[What this task involves]:
Please give back word for word the lines of the material below between the line containing "PARP1 Antibody in Western Blot (WB)" and the line containing "头颅mri读片知识人人入门必修内容", inclusive.

[Recorded information]:
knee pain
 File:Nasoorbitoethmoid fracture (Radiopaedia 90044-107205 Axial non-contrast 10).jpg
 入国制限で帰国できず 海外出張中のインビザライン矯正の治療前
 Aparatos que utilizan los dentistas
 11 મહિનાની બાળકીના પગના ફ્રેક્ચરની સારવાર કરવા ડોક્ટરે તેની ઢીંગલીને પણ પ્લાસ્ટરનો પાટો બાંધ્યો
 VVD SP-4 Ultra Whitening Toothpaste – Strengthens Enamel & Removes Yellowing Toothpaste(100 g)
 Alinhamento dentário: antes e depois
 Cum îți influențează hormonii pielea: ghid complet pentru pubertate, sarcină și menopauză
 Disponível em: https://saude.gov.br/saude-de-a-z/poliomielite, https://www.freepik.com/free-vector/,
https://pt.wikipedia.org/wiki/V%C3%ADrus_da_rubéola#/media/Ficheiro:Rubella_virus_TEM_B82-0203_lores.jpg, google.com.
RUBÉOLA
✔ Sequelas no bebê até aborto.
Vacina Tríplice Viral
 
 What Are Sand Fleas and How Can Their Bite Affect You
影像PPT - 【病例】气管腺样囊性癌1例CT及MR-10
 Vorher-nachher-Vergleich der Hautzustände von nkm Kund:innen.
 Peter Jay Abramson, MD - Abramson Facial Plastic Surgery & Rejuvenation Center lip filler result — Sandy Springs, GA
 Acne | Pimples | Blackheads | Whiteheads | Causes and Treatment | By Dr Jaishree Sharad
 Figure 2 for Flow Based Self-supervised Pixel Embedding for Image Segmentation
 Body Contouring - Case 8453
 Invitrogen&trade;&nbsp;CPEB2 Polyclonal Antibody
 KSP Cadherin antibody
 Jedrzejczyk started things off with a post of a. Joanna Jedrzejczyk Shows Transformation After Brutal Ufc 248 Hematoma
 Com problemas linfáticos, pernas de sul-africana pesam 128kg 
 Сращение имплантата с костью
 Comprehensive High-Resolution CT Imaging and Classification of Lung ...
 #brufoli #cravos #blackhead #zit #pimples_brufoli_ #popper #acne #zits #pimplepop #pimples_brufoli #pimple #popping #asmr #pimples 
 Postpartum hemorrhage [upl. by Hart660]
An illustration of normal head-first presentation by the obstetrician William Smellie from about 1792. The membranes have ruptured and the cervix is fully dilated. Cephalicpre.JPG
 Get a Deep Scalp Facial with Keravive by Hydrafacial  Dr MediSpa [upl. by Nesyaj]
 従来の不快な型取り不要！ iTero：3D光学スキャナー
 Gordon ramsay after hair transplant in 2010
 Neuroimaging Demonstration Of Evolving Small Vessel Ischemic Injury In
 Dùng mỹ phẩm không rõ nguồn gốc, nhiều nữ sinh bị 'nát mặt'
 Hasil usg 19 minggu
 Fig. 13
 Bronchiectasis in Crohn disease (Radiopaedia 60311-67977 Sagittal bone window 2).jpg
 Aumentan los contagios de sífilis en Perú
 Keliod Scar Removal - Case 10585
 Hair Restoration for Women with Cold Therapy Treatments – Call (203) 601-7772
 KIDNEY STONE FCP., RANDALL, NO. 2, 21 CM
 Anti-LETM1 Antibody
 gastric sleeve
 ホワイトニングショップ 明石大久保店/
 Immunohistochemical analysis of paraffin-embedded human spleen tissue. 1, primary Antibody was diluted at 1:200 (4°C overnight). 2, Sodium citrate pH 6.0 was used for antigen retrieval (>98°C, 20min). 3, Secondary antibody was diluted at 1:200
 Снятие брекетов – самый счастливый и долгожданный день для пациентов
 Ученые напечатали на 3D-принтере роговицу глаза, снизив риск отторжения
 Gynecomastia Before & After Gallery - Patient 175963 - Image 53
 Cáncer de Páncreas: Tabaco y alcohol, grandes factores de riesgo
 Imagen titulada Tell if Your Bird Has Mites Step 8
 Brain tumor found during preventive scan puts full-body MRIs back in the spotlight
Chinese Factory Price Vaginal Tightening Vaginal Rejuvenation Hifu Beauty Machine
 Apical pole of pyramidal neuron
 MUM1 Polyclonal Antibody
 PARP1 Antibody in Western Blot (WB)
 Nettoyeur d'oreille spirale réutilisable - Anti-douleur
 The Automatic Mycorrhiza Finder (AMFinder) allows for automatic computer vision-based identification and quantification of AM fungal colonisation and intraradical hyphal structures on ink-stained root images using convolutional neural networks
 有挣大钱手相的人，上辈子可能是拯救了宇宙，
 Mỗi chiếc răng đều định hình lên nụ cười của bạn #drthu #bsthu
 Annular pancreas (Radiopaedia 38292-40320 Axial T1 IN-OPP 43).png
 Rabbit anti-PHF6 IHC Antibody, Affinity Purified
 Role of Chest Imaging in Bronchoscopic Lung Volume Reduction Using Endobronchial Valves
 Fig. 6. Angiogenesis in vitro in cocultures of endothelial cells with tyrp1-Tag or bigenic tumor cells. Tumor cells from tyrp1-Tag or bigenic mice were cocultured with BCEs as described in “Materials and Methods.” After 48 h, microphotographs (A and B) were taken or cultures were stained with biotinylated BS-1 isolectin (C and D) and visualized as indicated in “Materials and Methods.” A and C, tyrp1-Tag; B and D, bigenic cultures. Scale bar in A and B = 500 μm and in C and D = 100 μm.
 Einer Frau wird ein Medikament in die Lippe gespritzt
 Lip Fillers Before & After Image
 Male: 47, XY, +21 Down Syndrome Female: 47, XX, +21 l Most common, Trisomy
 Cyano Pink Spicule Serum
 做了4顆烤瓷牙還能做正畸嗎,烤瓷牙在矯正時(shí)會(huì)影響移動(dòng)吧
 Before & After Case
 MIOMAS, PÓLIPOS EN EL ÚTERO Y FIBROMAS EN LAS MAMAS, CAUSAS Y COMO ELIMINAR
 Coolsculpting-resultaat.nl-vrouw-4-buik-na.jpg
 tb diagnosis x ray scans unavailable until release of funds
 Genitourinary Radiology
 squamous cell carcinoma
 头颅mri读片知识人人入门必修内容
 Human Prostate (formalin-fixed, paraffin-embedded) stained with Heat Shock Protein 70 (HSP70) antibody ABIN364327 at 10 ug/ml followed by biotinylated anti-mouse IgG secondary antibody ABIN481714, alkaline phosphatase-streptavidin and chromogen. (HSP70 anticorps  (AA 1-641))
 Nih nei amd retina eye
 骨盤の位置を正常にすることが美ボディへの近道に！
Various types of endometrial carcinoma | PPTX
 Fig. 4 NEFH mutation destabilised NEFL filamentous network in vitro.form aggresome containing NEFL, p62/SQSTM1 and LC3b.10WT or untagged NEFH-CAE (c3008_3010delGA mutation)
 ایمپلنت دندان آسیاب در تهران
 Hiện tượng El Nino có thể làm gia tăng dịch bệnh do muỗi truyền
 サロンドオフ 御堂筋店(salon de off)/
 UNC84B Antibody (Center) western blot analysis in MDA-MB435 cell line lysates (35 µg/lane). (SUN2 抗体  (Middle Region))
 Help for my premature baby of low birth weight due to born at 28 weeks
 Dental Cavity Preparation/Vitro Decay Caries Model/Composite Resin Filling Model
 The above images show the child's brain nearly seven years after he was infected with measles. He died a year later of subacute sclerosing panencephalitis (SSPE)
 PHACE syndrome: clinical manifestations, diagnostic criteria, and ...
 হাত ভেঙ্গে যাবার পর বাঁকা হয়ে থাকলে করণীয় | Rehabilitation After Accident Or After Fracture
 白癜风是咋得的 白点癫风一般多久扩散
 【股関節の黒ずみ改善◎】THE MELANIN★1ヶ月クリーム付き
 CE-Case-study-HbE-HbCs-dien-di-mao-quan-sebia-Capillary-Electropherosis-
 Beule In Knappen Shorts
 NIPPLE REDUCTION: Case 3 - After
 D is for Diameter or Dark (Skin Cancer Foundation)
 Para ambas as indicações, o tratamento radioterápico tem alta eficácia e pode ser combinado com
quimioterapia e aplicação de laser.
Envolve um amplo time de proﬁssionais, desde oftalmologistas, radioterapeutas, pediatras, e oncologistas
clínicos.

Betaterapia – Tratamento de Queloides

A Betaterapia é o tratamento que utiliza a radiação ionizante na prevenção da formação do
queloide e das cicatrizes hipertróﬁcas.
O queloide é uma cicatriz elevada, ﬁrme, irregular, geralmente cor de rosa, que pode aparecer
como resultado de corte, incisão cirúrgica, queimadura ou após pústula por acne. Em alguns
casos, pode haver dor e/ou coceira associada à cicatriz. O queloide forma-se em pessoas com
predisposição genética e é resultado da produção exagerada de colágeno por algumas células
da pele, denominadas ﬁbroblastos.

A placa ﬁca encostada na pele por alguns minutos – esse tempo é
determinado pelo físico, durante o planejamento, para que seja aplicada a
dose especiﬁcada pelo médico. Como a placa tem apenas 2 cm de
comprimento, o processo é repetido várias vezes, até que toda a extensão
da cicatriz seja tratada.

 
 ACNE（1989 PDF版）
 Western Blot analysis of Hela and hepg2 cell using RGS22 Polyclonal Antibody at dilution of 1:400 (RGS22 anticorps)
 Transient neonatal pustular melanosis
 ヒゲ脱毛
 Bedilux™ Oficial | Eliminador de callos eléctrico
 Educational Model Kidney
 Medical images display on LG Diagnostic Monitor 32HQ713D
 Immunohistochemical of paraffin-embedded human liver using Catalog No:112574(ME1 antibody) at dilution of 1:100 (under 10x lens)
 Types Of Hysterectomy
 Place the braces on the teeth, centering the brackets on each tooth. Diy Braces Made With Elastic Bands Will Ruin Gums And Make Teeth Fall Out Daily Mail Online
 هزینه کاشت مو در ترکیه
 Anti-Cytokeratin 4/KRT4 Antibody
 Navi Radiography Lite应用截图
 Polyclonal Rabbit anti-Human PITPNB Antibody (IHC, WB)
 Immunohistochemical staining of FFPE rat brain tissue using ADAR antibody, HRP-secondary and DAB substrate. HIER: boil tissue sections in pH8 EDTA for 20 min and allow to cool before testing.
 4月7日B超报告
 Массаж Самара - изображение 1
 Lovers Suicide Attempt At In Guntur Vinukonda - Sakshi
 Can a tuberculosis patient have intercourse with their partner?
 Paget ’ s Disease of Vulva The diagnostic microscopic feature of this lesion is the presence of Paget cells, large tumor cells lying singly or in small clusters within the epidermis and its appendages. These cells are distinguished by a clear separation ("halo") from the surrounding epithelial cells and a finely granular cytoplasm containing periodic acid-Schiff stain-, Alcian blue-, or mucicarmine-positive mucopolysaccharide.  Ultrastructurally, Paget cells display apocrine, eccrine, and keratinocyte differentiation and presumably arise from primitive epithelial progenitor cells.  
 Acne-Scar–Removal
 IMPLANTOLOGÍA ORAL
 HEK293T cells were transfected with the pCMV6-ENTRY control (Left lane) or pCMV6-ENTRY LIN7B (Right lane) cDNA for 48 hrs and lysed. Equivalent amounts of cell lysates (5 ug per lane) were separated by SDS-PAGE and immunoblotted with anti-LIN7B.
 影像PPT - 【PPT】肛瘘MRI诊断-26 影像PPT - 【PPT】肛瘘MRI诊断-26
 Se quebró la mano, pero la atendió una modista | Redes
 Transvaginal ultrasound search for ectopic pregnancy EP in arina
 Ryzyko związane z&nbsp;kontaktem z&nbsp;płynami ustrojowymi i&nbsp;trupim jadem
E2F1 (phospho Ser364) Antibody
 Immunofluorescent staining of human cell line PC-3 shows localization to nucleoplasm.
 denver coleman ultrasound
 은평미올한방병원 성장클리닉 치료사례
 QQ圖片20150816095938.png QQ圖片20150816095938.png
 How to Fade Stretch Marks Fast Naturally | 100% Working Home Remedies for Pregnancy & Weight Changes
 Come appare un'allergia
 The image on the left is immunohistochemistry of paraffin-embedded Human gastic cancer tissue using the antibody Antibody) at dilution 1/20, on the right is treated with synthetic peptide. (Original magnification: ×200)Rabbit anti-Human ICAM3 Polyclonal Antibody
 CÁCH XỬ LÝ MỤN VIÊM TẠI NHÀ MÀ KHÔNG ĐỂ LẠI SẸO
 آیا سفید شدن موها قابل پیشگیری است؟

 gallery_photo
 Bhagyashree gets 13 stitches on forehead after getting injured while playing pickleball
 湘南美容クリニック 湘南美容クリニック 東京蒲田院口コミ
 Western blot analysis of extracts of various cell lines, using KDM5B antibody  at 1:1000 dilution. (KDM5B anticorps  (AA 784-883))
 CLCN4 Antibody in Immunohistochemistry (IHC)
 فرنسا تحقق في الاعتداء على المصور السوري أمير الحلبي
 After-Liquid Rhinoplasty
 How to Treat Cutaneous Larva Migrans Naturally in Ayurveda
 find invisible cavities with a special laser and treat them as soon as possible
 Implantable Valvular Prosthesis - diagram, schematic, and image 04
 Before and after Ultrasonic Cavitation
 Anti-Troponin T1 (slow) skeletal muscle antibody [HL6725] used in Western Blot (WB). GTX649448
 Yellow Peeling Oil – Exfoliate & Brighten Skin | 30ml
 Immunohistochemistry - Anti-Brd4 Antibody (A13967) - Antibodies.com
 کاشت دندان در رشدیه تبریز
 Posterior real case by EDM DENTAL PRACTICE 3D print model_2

[Result of this exercise]:
 PARP1 Antibody in Western Blot (WB)
 Nettoyeur d'oreille spirale réutilisable - Anti-douleur
 The Automatic Mycorrhiza Finder (AMFinder) allows for automatic computer vision-based identification and quantification of AM fungal colonisation and intraradical hyphal structures on ink-stained root images using convolutional neural networks
 有挣大钱手相的人，上辈子可能是拯救了宇宙，
 Mỗi chiếc răng đều định hình lên nụ cười của bạn #drthu #bsthu
 Annular pancreas (Radiopaedia 38292-40320 Axial T1 IN-OPP 43).png
 Rabbit anti-PHF6 IHC Antibody, Affinity Purified
 Role of Chest Imaging in Bronchoscopic Lung Volume Reduction Using Endobronchial Valves
 Fig. 6. Angiogenesis in vitro in cocultures of endothelial cells with tyrp1-Tag or bigenic tumor cells. Tumor cells from tyrp1-Tag or bigenic mice were cocultured with BCEs as described in “Materials and Methods.” After 48 h, microphotographs (A and B) were taken or cultures were stained with biotinylated BS-1 isolectin (C and D) and visualized as indicated in “Materials and Methods.” A and C, tyrp1-Tag; B and D, bigenic cultures. Scale bar in A and B = 500 μm and in C and D = 100 μm.
 Einer Frau wird ein Medikament in die Lippe gespritzt
 Lip Fillers Before & After Image
 Male: 47, XY, +21 Down Syndrome Female: 47, XX, +21 l Most common, Trisomy
 Cyano Pink Spicule Serum
 做了4顆烤瓷牙還能做正畸嗎,烤瓷牙在矯正時(shí)會(huì)影響移動(dòng)吧
 Before & After Case
 MIOMAS, PÓLIPOS EN EL ÚTERO Y FIBROMAS EN LAS MAMAS, CAUSAS Y COMO ELIMINAR
 Coolsculpting-resultaat.nl-vrouw-4-buik-na.jpg
 tb diagnosis x ray scans unavailable until release of funds
 Genitourinary Radiology
 squamous cell carcinoma
 头颅mri读片知识人人入门必修内容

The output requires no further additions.